The Taiwan High Court rendered the 109-Shang-Su-zi-2966 Decision on October 8, 2020 (hereinafter, the “Decision”), holding that if one’s personal data are used without consent to apply for a credit card, and the credit card is used in the name of such person for consumption, the actor not only commits the offense of using forged private documents but also the offense of illegally using the personal data and the offense of fraud and shall be penalized for one offense, which carries heavier punishment than the other offenses and which is the offense of illegally using the personal data, in accordance with Article 55 of the Taiwan Criminal Code.
According to the Decision, A obtained the identification papers of B, an acquaintance, by unknown means and then used B’s personal data to apply for a credit card without B’s consent. A also forged B’s signature on the OO Bank Credit Card Application, a false private document used by A to apply for a credit card from OO Bank, and then used the application by handing over the application and a copy of B’s national identification card in his possession to a clerk of the bank who issued the credit card out of the misbelief that the application was made by B in person.
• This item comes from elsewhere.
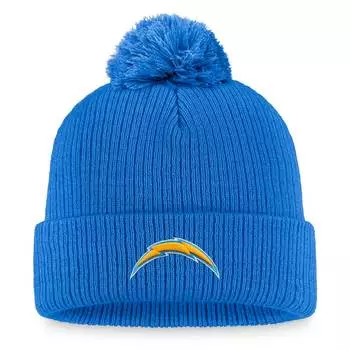 Шапка Fanatics Branded Los Angeles Chargers, синий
Since the Defendant’s act of forging B’s signature on the OO Bank Credit Card Application is an act at the phase of document forgery, the subsequent use of the forged private document is a lower degree act relative to the forgery of a private document and is absorbed by the higher degree act of forging a private document with no additional penalty imposed.
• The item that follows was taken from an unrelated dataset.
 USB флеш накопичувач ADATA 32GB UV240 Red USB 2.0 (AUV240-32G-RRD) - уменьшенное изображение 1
In addition, A subsequently used the credit card for consumption in the name of B. The use of other’s credit card for consumption without an intention to pay for the consumption by forging the signature of the original card holder on the credit card slip to cause the merchant to make a mistake and mistaken the actor as the original card holder and provide certain goods or services to the actor should meet the criteria for the offense of fraud.
Based on the foregoing explanation, when A obtained B’s identification papers to apply for a credit card and then used the credit card for consumption in the name of B, A not only committed the offense of illegally using the personal data under Article 41 of the Personal Data Protection Act for illegally using B’s personal data in violation of Article 19, Paragraph 5 of the Personal Data Protection Act, but also committed the offense of using forged private documents under Articles 216 and 210 of the Taiwan Criminal Code. In light of the concurrence of offenses, A was penalized for one offense, which carries heavier punishment than the other offenses and is the offense of illegally using the personal data, in accordance with Article 55 of the same law.